Heuristic algorithm

For alternate uses, see heuristic

In computer science, a heuristic is a technique designed to solve a problem that ignores whether the solution is provably correct, but which usually produces a good solution or solves a simpler problem that contains or intersects with the solution of the more complex problem.

A heuristic is not guaranteed always to solve the problem, but often solves it well enough for most uses, and often does so more quickly than a more complete solution would.

A methodic is another way of solving a problem.

More formally, a heuristic is a function, ${\displaystyle h(n)}$ defined on the nodes of a search tree , which serves as an estimate of the cost of the cheapest path from that node to the goal node. Heuristics are used by informed search algorithms such as Greedy best-first search and A* to choose the best node to explore. Greedy best-first search will choose the node that has the lowest value for the heuristic function. A* will expand nodes that have the lowest value for ${\displaystyle g(n)+h(n)}$, where ${\displaystyle g(n)}$ is the (exact) cost of the path from the initial state to the current node. When ${\displaystyle h(n)}$ is admissible - that is if ${\displaystyle h(n)}$ never overestimates the costs of reaching the goal - A* is provably optimal.

The classical problem involving heuristics is the n-puzzle. Commonly used heuristics for this problem include counting the number of misplaced tiles and finding the sum of the Manhattan distances between each block and its position in the goal configuration. Note that both are admissible.

In any searching problem where there are ${\displaystyle b}$ choices at each node and a depth of d at the goal node, a naive searching algorithm would have to potentially search around ${\displaystyle b^{d}}$ nodes before finding a solution. Heuristics improve the efficiency of search algorithms by reducing the branching factor from ${\displaystyle b}$ to (ideally) a low constant b*.

Although any admissible heuristic will give an optimal answer, a heuristic that gives a lower branching factor is more computationally efficient for a particular problem. It can be shown that a heuristic ${\displaystyle h_{2}(n)}$ is better than another heuristic ${\displaystyle h_{1}(n)}$ , if ${\displaystyle h_{2}(n)}$ dominates ${\displaystyle h_{1}(n)}$, ie. ${\displaystyle h_{1}(n)<h_{2}(n)}$ for all ${\displaystyle n}$.

The problem of finding an admissible heuristic with a low branching factor for common search tasks has been extensively researched in the AI community. A number of common techniques are used:

• Solution costs of sub-problems often serve as useful estimates of the overall solution cost. These are always admissible. For example, a heuristic for a 10-puzzle might be the cost of moving tiles 1-5 into their correct places. A common idea is to use a pattern database that stores the exact solution cost of every subproblem instance.
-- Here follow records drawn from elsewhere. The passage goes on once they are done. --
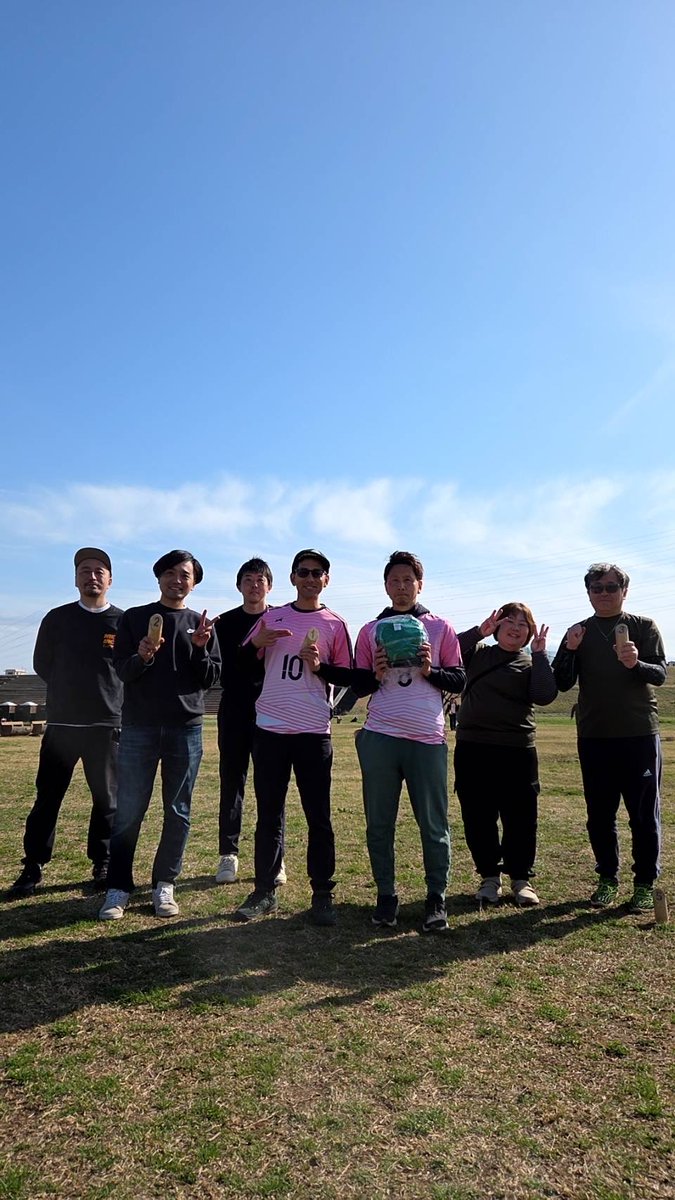 Molkky_Throwing's tweet photo. 本日は第18回板橋モルックジャパンカップにご参加いただきありがとうございました✨

決勝戦の結果はこちら👇
🥇Ohmat’z（Ａ）
🥈モルッツ
🥉OKBルックルズ

Ohmat’z（Ａ）さん優勝おめでとうございます🎊✨

次回大会は5月中旬開催予定です！
是非ご参加下さい😄 https://t.co/d4tB5n0tS3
• The solution of a relaxed problem often serves as a useful admissible estimate of the original. For example manhattan distance is a relaxed version of the n-puzzle problem, because we assume we can move each tile to its position in a single step.
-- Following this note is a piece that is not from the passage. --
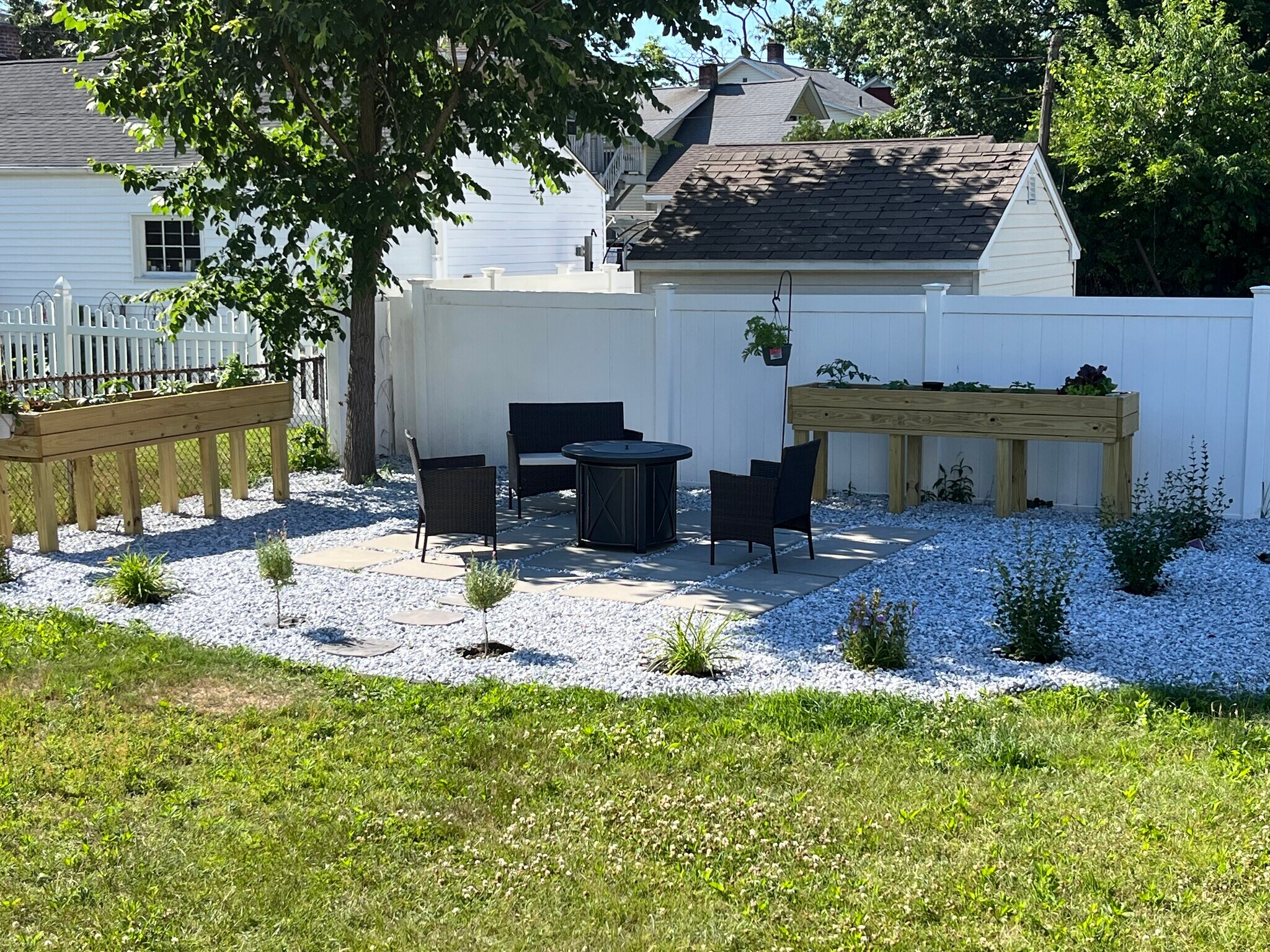 Patio - 121 Chestnut St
• Given a set of admissible heuristic functions ${\displaystyle h_{1}(n),h_{2}(n)\ldots h_{i}(n)}$ , the function ${\displaystyle h(n)=max\{h_{1}(n),h_{2}(n)...h_{i}(n)\}}$ is an admissible heuristic that dominates all of them.

Using these techniques a program called ABSOLVER was written by A.E. Prieditis for automatically generating heuristics for a given problem. ABSOLVER generated a new heuristic for the 8-puzzle better than any pre-existing heuristic and found the first useful heuristic for solving the Rubik's Cube.